To do
The line with "Blue and white striped button up blouse", the line with "Graphic Designer Struggles", and all lines between them in the material below: return these exactly, and no others.

((

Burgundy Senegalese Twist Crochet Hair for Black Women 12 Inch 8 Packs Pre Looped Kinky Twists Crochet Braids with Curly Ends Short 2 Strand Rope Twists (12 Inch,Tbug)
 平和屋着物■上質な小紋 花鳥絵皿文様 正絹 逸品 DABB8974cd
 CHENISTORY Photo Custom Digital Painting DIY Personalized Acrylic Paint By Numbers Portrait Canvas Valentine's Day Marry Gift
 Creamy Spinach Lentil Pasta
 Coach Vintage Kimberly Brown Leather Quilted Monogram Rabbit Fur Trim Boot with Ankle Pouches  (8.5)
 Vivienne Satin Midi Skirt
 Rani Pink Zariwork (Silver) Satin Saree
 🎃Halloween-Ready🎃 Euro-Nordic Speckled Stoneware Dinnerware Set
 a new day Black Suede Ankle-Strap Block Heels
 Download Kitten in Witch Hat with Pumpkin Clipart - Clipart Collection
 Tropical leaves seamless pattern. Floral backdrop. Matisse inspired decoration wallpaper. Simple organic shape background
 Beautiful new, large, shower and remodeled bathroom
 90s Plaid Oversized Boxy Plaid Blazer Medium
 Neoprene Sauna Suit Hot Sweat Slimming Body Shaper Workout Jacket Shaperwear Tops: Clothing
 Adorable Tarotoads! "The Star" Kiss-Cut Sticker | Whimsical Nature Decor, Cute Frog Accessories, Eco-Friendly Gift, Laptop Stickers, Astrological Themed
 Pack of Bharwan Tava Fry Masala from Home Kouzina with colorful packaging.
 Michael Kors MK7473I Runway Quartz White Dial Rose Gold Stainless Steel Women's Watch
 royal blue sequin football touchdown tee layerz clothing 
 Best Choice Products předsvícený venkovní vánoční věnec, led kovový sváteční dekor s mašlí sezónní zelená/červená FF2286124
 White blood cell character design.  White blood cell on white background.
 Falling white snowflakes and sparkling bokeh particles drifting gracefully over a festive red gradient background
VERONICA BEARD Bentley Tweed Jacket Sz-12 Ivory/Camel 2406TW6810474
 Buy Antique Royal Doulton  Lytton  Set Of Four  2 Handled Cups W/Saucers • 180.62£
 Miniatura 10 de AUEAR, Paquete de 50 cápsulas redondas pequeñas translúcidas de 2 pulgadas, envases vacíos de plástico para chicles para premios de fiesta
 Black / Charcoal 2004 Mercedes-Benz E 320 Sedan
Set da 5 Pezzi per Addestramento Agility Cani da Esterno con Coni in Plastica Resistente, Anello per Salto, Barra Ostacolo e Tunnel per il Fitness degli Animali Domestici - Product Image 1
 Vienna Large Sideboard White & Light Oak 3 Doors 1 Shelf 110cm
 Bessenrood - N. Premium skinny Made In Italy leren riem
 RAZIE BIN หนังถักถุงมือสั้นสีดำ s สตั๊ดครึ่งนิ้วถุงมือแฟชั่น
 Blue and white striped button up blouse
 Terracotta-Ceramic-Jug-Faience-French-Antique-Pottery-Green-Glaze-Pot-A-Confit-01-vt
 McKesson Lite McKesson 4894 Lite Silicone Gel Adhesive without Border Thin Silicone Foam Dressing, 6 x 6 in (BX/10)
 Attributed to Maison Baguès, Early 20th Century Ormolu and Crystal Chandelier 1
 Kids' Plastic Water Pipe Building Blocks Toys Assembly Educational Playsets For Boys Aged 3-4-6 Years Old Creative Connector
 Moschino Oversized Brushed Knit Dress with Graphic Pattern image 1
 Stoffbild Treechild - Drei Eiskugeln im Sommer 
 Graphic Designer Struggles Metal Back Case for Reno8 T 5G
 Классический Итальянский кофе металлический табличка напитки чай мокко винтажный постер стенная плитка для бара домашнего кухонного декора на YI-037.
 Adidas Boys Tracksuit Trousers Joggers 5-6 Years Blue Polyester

))

Response below
 Blue and white striped button up blouse
 Terracotta-Ceramic-Jug-Faience-French-Antique-Pottery-Green-Glaze-Pot-A-Confit-01-vt
 McKesson Lite McKesson 4894 Lite Silicone Gel Adhesive without Border Thin Silicone Foam Dressing, 6 x 6 in (BX/10)
 Attributed to Maison Baguès, Early 20th Century Ormolu and Crystal Chandelier 1
 Kids' Plastic Water Pipe Building Blocks Toys Assembly Educational Playsets For Boys Aged 3-4-6 Years Old Creative Connector
 Moschino Oversized Brushed Knit Dress with Graphic Pattern image 1
 Stoffbild Treechild - Drei Eiskugeln im Sommer 
 Graphic Designer Struggles Metal Back Case for Reno8 T 5G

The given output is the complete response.